__Information shown__.
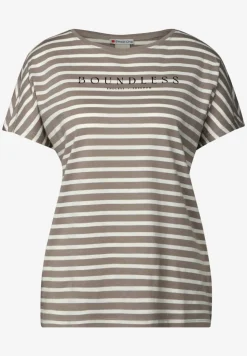 Gestreept shirt met tekst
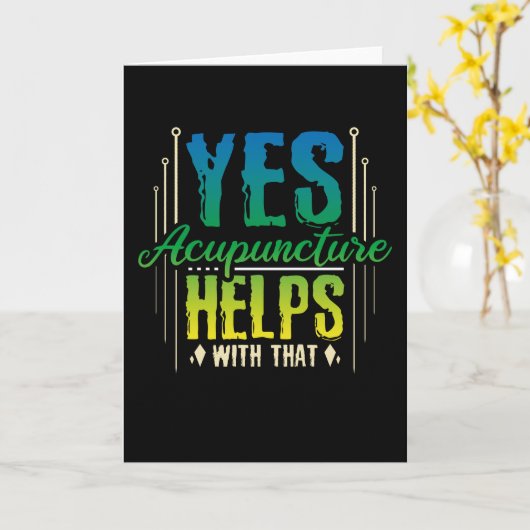 Acupunctie Helpt Kaart (Gele Bloem)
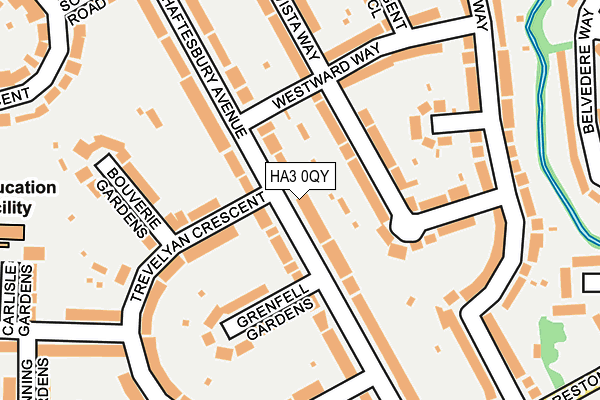 HA3 0QY map - OS OpenMap – Local (Ordnance Survey)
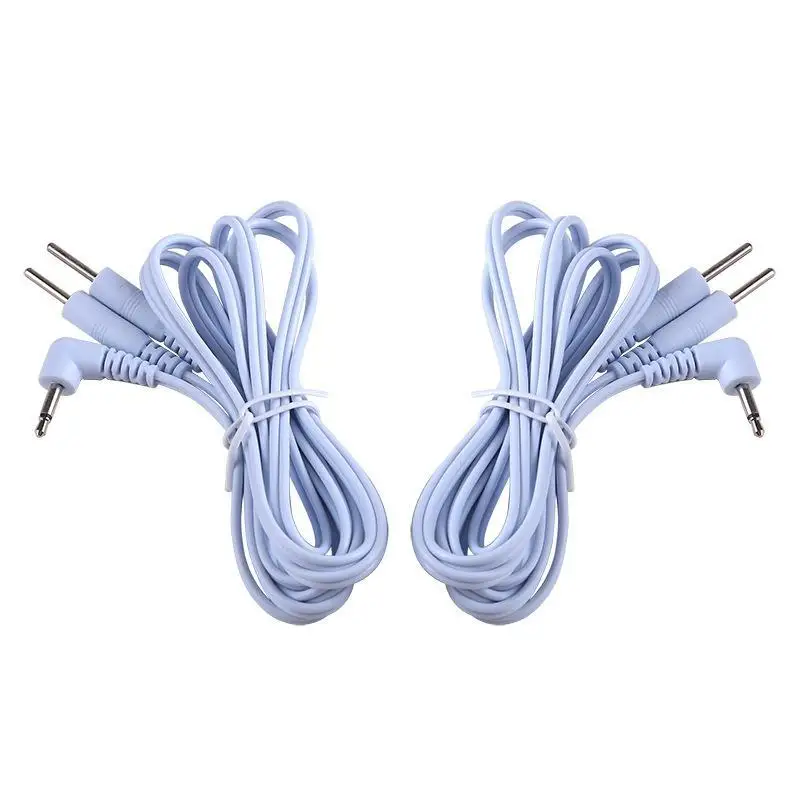 【C】2-Way/4-way 2.0/2.5/3.5mm Plug Wires For Massager Electrical Nerve Muscle Stimulator Electrode Cable Line For Electrode Pads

__Exercise details__. Could you write out every line above exactly as it stands, with no images?

__Task result__.
 Gestreept shirt met tekst
 Acupunctie Helpt Kaart (Gele Bloem)
 HA3 0QY map - OS OpenMap – Local (Ordnance Survey)
 【C】2-Way/4-way 2.0/2.5/3.5mm Plug Wires For Massager Electrical Nerve Muscle Stimulator Electrode Cable Line For Electrode Pads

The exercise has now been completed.